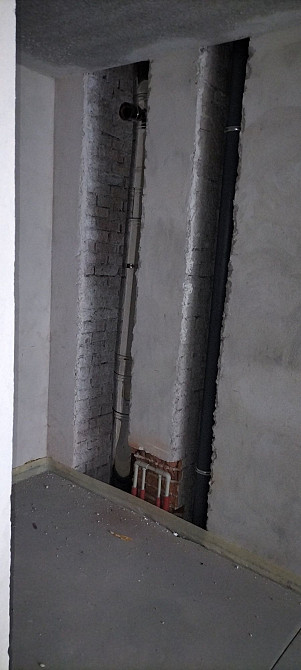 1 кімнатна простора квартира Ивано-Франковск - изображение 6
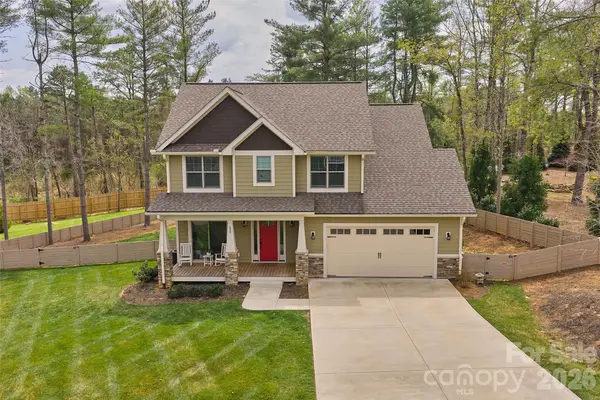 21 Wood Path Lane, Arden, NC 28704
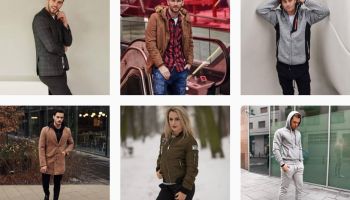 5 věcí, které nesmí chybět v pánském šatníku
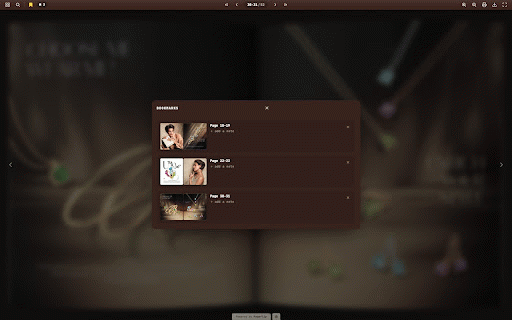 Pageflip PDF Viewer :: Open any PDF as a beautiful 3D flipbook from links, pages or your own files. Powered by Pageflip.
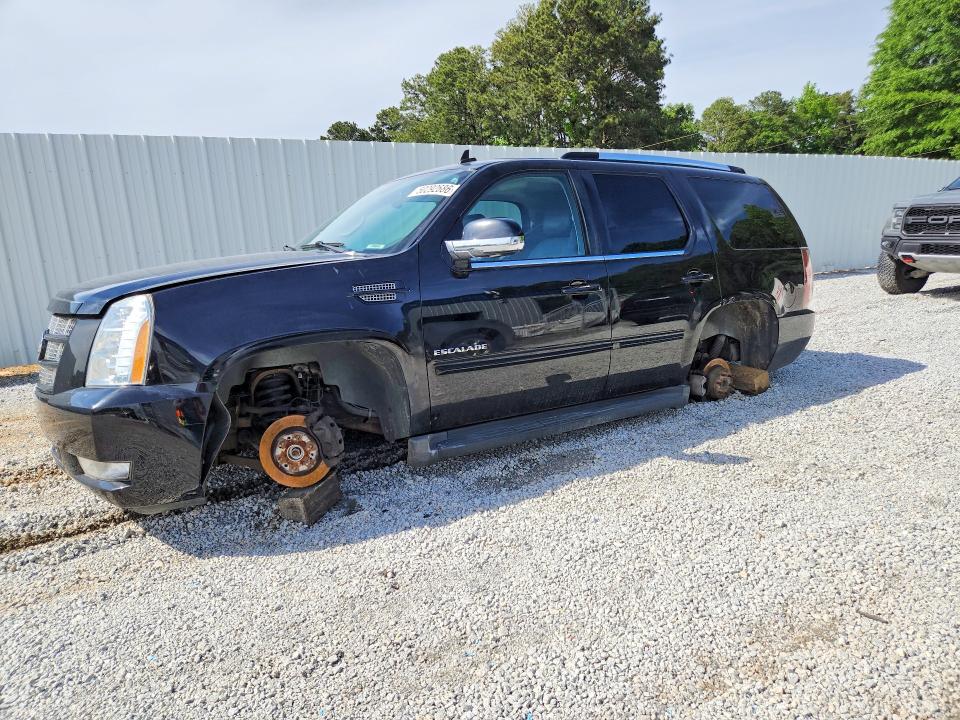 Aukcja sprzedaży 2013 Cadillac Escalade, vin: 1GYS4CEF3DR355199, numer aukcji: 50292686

▶ [YOUR TASK]:
What is needed is an exact copy of the lines from the one with "Pageflip PDF Viewer" through the end of the data above, both included, minus any pictures.

▶ [TASK ANSWER]:
 Pageflip PDF Viewer :: Open any PDF as a beautiful 3D flipbook from links, pages or your own files. Powered by Pageflip.
 Aukcja sprzedaży 2013 Cadillac Escalade, vin: 1GYS4CEF3DR355199, numer aukcji: 50292686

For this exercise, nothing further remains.